Eşinizle Ankara’da mı tanıştınız?
Diyarbakır’da. Eşimin babası Diyarbakırlı, annesi Muğlalı. Anne tarafı Selanik göçmeni.

Çocuklarınız var mı?
İki tane. Elif 12, Süleyman 6 yaşında.

Onlar farkında mı olanların?
Elif, Bursaspor maçından sonra beni aradı. “Baba ne oluyor, savaş mı var orada?” diye sordu. Etkileniyor tabii.

Evde hangi dili konuşuyorsunuz?
Eşim Kürtçeyi anlıyor ama konuşamıyor, Türkçe konuşuyoruz. Bekarken evde Kürtçe konuşurduk. Şimdi kızım okulda İngilizce ögreniyor. Ben buna da karşıyım. Çünkü ileriki süreçte bu çocuk Diyarbakır’da yaşayacak. Kürtçe öğrenmeli ki toplumdan ayrı düşmesin. Ben öğretmeye çalışıyorum.

Bugün gelir kaynağınız ne?
Tarım makinesi satan bir şirketim, bir petrol istasyonumuz, köyden gelirimiz var. 8 kardeşiz ama aile gelirinden 500-600 insan geçiniyor.

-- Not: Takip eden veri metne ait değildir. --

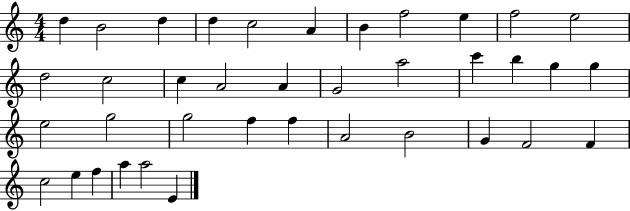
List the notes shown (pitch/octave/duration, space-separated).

“Belki aşırı tepki veriyorum ama bu bir önlem”

“Galatasaray maçına çıkmayacağız” sözünüzün Diyarbakırspor’a zarar verdiğini düşünenler var. Verdi mi sizce de?
Seyirci kitlemizin uğradığı ırkçı söylemler var. Bunları benimsesek kulağımızı kapatır gideriz. Benimsemediğimiz için de tepki veririz.

Başka türlü bir tepki veremez miydiniz?
“Bu adam blöf mü yapıyor?” dediler. Beni tanıyanlar bu konularla ilgili hiçbir şekilde blöf yapmadığımı bilir. Ama o gün o ortamda düşünmeden tepki verdim. Belki yeri ve zamanı değildi ama o tepkinin arkasındayım. Ancak kentin bir iradesi var, kulüp olarak bizi haklı görüyorlar ama maça çıkmamızı istediler. Vali, Belediye Başkanı, sivil toplum örgütleri, taraftarlar, hepsi çıkmamızı istedi.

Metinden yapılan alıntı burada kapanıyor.